The invention of agriculture creates dense human populations and thus more cultural learning. Modern commercial and industrial societies have created an explosive density of population that fosters cultural evolution. As David Christian has shown, the whole history of human social evolution can be seen as the progress in collective learning associated with increases in population density and global exchanges of information. This explains why the emergence of philosophy and science is associated with urban centers.

Hume developed this point in suggesting that the expansion of population in modern commercial societies would have a civilizing influence. One of the most salient features of the modern commercial and industrial revolution is the huge increase in the global human population, which is associated with increases in collective learning that foster ever more complex mechanisms in channeling the flow of energy to sustain human social life.

1 comment:

RB Glennie said...

Hello -

the moral-altruistic sense is, I think, even more fundamental than the evolutionary process you describe.

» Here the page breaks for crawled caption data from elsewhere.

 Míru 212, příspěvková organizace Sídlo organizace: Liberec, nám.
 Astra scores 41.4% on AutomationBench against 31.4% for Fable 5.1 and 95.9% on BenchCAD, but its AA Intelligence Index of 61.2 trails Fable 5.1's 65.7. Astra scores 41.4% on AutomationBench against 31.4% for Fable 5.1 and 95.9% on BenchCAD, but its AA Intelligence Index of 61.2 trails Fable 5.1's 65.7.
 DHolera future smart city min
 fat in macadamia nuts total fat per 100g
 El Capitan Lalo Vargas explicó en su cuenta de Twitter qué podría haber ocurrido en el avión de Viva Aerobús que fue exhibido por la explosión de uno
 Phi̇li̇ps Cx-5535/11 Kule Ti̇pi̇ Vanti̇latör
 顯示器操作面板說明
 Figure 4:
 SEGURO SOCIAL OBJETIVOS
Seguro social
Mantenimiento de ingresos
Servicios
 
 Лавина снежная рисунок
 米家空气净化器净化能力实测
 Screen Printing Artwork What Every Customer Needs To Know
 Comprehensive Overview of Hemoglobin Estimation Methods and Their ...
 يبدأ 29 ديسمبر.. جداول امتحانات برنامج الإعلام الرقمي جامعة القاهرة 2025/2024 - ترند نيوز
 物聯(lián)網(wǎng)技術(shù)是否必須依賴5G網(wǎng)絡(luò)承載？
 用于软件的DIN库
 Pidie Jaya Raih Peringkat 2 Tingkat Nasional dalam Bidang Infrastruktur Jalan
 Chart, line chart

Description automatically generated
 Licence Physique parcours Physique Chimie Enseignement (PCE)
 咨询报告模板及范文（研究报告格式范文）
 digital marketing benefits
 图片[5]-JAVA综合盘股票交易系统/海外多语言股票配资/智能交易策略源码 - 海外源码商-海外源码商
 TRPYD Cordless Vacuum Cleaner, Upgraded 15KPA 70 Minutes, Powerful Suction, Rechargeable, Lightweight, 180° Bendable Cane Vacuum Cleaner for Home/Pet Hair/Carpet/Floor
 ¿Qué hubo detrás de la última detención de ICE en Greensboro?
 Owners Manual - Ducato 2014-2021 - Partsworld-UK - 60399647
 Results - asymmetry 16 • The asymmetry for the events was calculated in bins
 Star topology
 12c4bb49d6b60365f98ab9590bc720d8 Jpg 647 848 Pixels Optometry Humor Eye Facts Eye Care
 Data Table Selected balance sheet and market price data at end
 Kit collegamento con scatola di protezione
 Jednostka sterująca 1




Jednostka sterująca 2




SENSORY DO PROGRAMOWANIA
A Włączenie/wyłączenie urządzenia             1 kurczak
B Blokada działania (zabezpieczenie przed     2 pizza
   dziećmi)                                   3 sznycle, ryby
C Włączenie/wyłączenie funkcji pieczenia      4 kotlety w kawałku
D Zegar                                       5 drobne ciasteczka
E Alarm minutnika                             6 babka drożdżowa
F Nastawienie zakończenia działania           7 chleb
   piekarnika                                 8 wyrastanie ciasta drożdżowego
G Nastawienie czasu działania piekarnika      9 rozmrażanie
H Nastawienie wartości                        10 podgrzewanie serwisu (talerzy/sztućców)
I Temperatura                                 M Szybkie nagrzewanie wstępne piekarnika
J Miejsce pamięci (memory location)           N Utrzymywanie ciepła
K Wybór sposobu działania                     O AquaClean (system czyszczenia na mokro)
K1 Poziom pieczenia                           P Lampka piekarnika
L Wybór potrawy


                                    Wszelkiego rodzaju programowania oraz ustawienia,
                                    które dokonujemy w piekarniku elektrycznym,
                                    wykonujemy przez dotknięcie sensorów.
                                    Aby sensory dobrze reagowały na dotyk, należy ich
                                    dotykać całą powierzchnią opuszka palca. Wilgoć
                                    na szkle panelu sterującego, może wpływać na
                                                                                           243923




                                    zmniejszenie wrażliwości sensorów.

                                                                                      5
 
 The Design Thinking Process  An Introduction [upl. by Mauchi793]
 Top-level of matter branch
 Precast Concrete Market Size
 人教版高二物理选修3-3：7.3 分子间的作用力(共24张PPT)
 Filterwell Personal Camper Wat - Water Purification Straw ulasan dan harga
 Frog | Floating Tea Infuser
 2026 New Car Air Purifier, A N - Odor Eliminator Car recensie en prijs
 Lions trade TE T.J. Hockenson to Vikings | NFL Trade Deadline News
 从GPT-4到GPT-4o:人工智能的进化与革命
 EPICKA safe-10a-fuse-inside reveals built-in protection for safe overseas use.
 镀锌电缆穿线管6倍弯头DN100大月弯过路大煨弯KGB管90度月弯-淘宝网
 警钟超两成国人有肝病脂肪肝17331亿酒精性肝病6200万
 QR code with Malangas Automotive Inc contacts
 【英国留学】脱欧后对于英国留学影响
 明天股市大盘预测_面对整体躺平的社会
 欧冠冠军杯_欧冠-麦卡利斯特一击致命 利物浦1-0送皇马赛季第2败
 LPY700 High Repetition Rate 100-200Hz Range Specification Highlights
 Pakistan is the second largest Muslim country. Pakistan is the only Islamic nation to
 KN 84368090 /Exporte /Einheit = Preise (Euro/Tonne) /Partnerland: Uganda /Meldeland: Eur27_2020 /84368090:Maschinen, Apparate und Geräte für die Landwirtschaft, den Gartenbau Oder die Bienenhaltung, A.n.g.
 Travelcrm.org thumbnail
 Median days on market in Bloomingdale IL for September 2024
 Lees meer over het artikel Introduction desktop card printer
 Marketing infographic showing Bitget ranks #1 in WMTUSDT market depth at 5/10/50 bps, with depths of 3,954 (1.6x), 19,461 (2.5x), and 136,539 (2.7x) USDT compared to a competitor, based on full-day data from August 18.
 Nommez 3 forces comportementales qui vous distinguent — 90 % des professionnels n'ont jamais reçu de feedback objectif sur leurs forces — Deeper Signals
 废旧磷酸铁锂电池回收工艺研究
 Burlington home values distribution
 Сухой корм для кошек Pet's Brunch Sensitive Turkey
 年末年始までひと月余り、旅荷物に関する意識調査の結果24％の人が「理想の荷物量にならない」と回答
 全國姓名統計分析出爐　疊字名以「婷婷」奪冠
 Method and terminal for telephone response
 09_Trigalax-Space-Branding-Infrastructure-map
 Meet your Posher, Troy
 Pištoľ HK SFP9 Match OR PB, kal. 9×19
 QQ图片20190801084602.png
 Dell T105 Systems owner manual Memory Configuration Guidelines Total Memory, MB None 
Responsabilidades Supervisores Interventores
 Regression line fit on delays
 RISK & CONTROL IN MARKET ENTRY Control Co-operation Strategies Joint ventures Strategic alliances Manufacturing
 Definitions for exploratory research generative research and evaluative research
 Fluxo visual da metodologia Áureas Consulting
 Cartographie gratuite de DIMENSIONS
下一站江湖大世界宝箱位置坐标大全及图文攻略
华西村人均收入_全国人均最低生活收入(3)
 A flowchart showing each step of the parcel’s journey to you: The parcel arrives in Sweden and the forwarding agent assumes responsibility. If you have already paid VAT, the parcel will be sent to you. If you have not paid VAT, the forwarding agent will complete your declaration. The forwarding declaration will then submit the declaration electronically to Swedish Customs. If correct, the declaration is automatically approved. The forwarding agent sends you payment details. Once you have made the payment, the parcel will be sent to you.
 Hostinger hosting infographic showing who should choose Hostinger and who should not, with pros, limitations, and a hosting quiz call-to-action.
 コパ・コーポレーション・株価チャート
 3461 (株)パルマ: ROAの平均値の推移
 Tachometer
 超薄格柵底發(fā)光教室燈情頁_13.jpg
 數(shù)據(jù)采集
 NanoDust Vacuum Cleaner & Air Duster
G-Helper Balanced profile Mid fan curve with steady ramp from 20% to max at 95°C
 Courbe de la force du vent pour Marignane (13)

In particular, what I would call the `sympathetic drive' in human beings, that is, the urge to be altruistic that exists in people (sociopaths excepted) regardless of social condition, is an extension of the mammallian bond.

But here's the thing: this same bond, which ties together parents and offspring in most mammal species, is also responsible for agression toward other organism that seek, or may be seeking, to transgress it.

this is seen in the care taken by mother bears for their cubs, and the ferocity which results if those cubs are seen to be threatened in some.

In humans, the sympathetic drive extends beyond immediate consangenous relations, and so too does the extent of human aggression.